Kodie Curran (born December 18, 1989) is a Canadian professional ice hockey defenceman currently playing with Metallurg Magnitogorsk of the Kontinental Hockey League (KHL).

Playing career
Before starting his professional career, Curran played five seasons at the University of Calgary.

Undrafted, Curran made his professional debut at the tail end of the 2014–15 season, signing an initial amateur try-out contract with the Hartford Wolf Pack of the American Hockey League.

He agreed to a one-year contract extension with the Wolf Pack for his rookie season in 2015–16, making just 18 appearances for 4 assists in the AHL, while splitting the season with the Greenville Swamp Rabbits in the ECHL.

With limited North American opportunity, Curran embarked on a European career, winning the Danish cup with Esbjerg Energy in the 2016–17 season. The following season he moved to Storhamar Ishockey in Norway. He was named captain of the team in November when Patrick Thoresen transferred to SKA Saint Petersburg. Storhamar won the league and the cup, and Curran was named player of the year.

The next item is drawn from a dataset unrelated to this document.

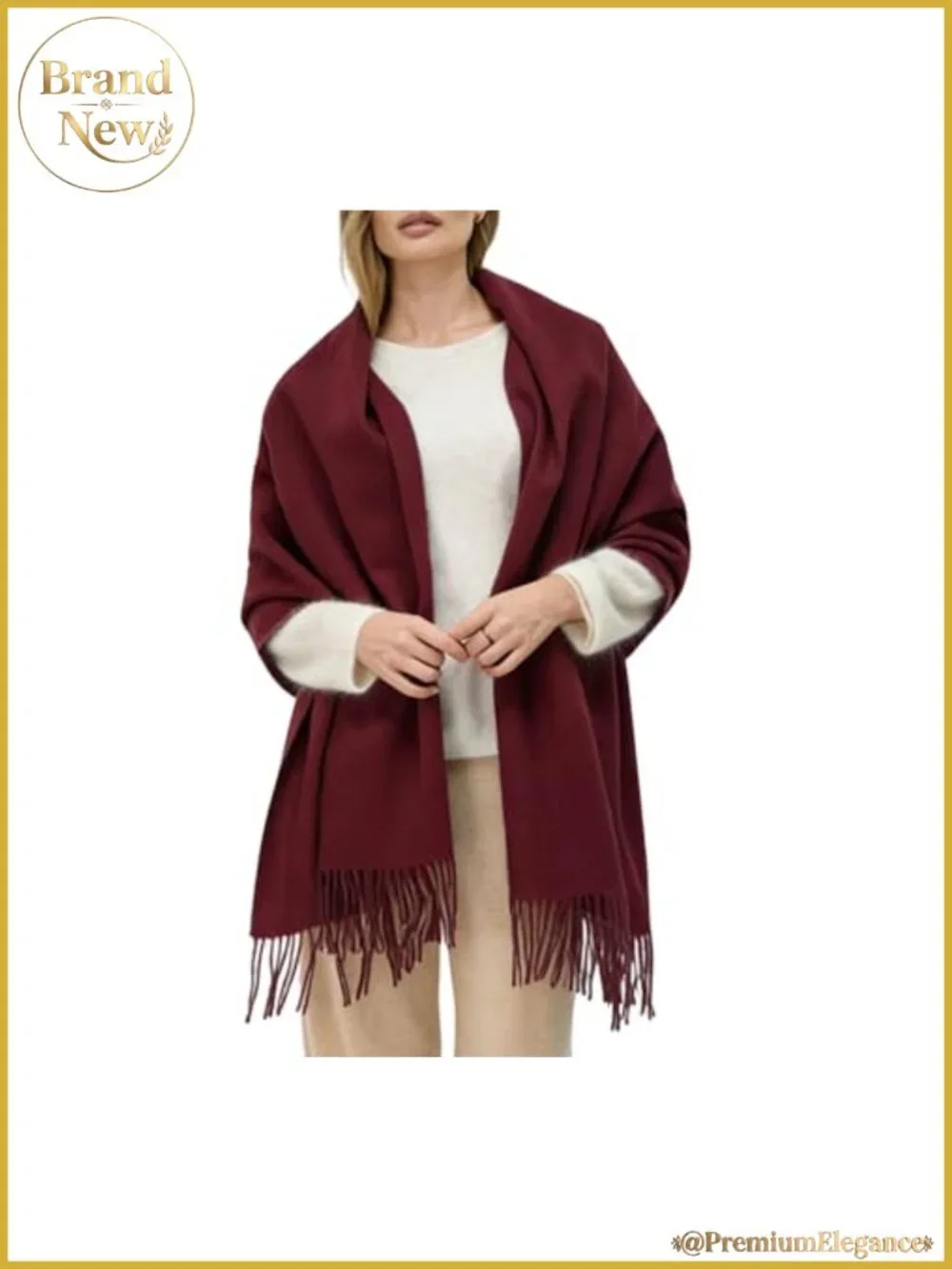 Womens Oversized Shawl Wrap Fringe Scarf for Evening Dresses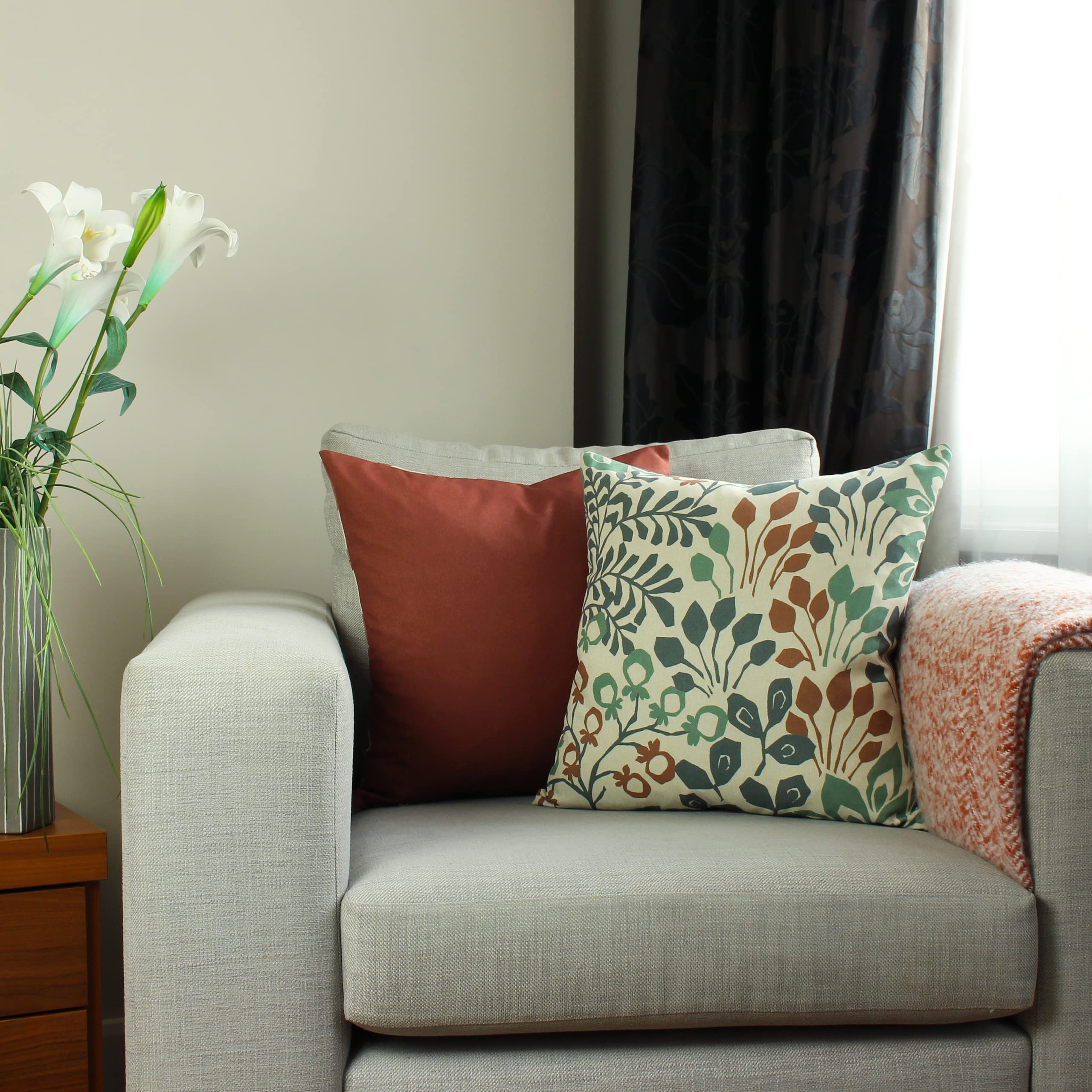 Paoletti Elowen Botanical Feather Filled Cushion - Twin Pack, Multicolour, 45 x 45cm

Curran moved to his third European club, signing an initial one-year contract with Swedish SHL club, Rögle BK on April 13, 2018. He enjoyed instant success in the SHL, continuing his late development curve in posting 37 points in 49 games from the blueline, to be rewarded with a one-year extension.

In the 2019–20 season, Curran backed up his previous season to have a standout year, contributing with 49 points in just 48 games, earning defenseman of the year and SHL MVP honours.

Attracting interest as a free agent in North America, Curran signed his first NHL contract in agreeing to a two-year contract with the Anaheim Ducks on June 1, 2020.

On March 19, 2022, Curran was traded by the Ducks to the Boston Bruins along with Hampus Lindholm in exchange for a first round pick in 2022, a second round pick in 2023, a second round pick in 2024, Urho Vaakanainen and John Moore.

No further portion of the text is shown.